### Supplied material
○ ○ ○

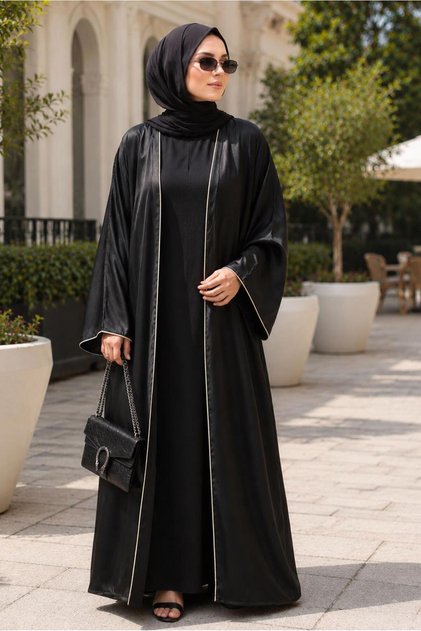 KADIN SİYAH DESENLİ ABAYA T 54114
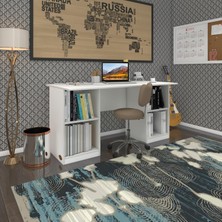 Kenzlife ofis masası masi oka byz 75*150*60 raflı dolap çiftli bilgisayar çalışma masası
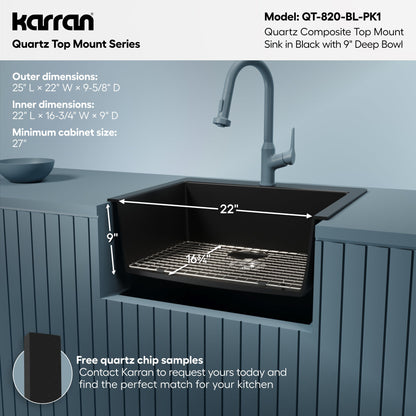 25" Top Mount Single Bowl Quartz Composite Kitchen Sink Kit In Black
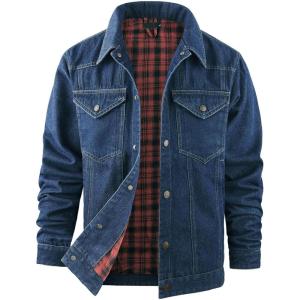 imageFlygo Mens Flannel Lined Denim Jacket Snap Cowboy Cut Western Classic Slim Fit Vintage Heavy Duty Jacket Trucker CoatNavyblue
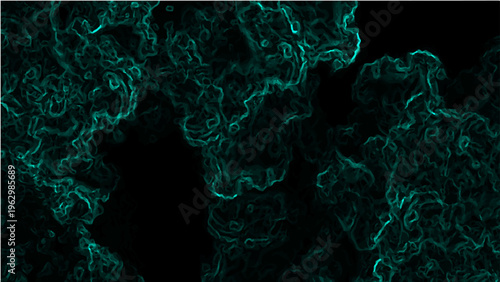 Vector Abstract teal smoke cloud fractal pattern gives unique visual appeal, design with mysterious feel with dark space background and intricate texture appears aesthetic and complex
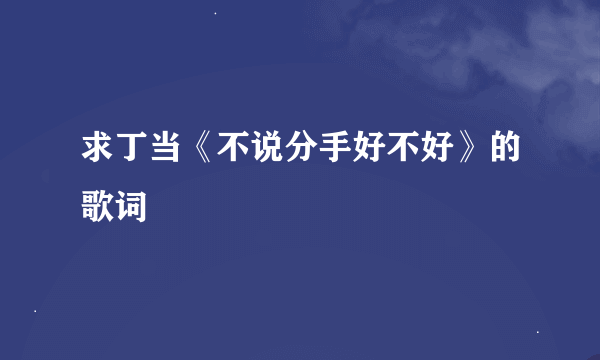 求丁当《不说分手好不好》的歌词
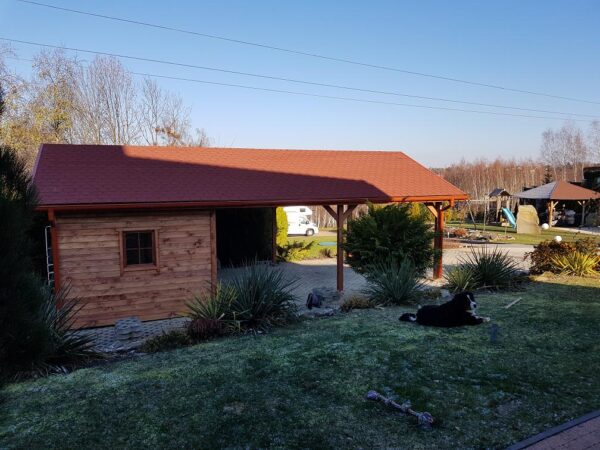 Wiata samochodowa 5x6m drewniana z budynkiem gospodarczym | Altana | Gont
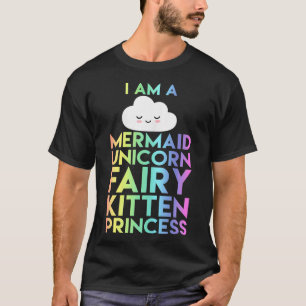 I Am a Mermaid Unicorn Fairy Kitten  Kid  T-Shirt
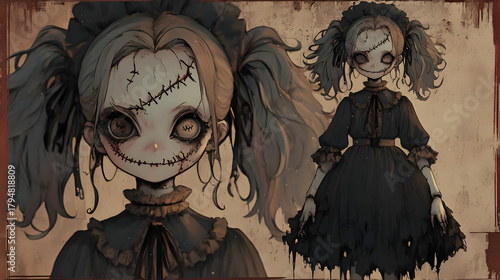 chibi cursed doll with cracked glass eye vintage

○ ○ ○

Copy only these lines from the records above, exactly: the one with "Kenzlife ofis masası", the one with "imageFlygo Mens Flannel", and those between. Skip the pictures.

### Your solution
 Kenzlife ofis masası masi oka byz 75*150*60 raflı dolap çiftli bilgisayar çalışma masası
 25" Top Mount Single Bowl Quartz Composite Kitchen Sink Kit In Black
 imageFlygo Mens Flannel Lined Denim Jacket Snap Cowboy Cut Western Classic Slim Fit Vintage Heavy Duty Jacket Trucker CoatNavyblue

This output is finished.